One interpretation emphasizes misaligned incentives. Money managers earned bonuses while others were left holding the bag. Institutions like Fannie, Freddie, and AIG profited handsomely during the run-up, but the government picked up the tab when things went bad. These kinds of explanations come very naturally to most economists, whose models are usually built on the assumption that economic decision-makers are responding in a rational way to the incentives they face.
But an alternative view is that the key players were simply mistaken as a group, lulled into a misunderstanding of what was going on through social and institutional feedback that sustained a misguided groupthink. This view is hard for many economists to embrace, though there is a good case to be made that this is an important part of the story of what we just went through.

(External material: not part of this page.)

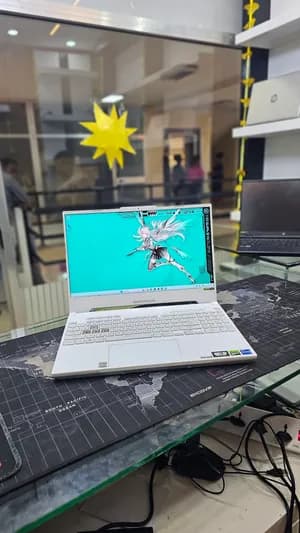 ASUS TUF F15 i7 RTX 4060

A new research paper by Ing-Haw Cheng, Sahil Raina, and Wei Xiong has come up with an ingenious way to test which of those two explanations best describes what really happened. Quoting from the paper:
We sample a group of securitization investors and issuers from a publicly available list of conference attendees of the 2006 American Securitization Forum, the largest industry conference. These investors and issuers, whom we refer to collectively as securitization agents, comprise vice presidents, senior vice presidents, managing directors, and other non-executives who work at major investment houses and boutique firms. Using the Lexis-Nexis Public Records database, which aggregates information available from public records, such as deed transfers, property tax assessment records, and other public address records, we are able to collect the personal home transaction history of these securitization agents....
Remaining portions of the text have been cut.